Dear Friends and Family,
Festivus Greetings from the Sontag family! Another year has
flown by and the holidays are upon us. And no matter what holiday
you celebrate, we’re sure that you are surprised to get this
newsletter from us.
Dear Friends and Family,

Festivus Greetings from the Sontag family! Another year has flown by and the holidays are upon us. And no matter what holiday you celebrate, we’re sure that you are surprised to get this newsletter from us.

Oh, I know I said I’d never do one, but we’ve gotten so much joy from reading all of yours that we really felt this year, we’d return the joy to all of you.

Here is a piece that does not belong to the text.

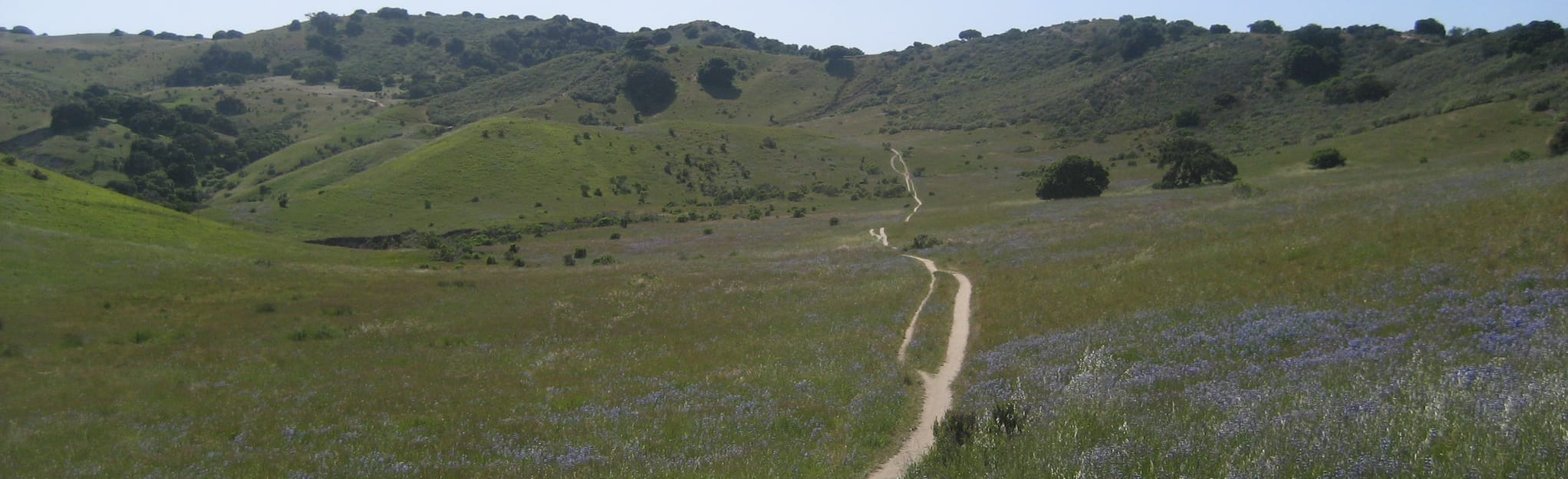 Sea Otter Mountain Bike Loop, California - 29 Reviews, Map | AllTrails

Let me start this – the Sontag family’s very first newsletter EVER – by saying thank you. Through the years, your pages and pages of anecdotes and updates relating to your monetary status have never failed to elicit chuckles (and sometimes outright guffaws) from us.

Sure, there are days when we wonder why we only hear from you once a year. But then we get your newsletters, and we realize that you are too busy visiting tropical isles or getting your daughter into Stanford to return a phone call. So truly, we don’t mind.

And of course, we are thrilled – just thrilled – that you moved into your dream home. No, 32 rooms doesn’t sound too large; it sounds just right. You deserve this house. And the daily housekeeper you hired sounds like an absolute treasure.

I, myself, spend the days wondering where the heck my daily housekeeper is. Then I remember that I am the daily housekeeper, and I go back to my life of cleaning toilets and making sure the shower scum doesn’t get so bad it turns into a large, hairy monster that attacks one day while I’m shampooing.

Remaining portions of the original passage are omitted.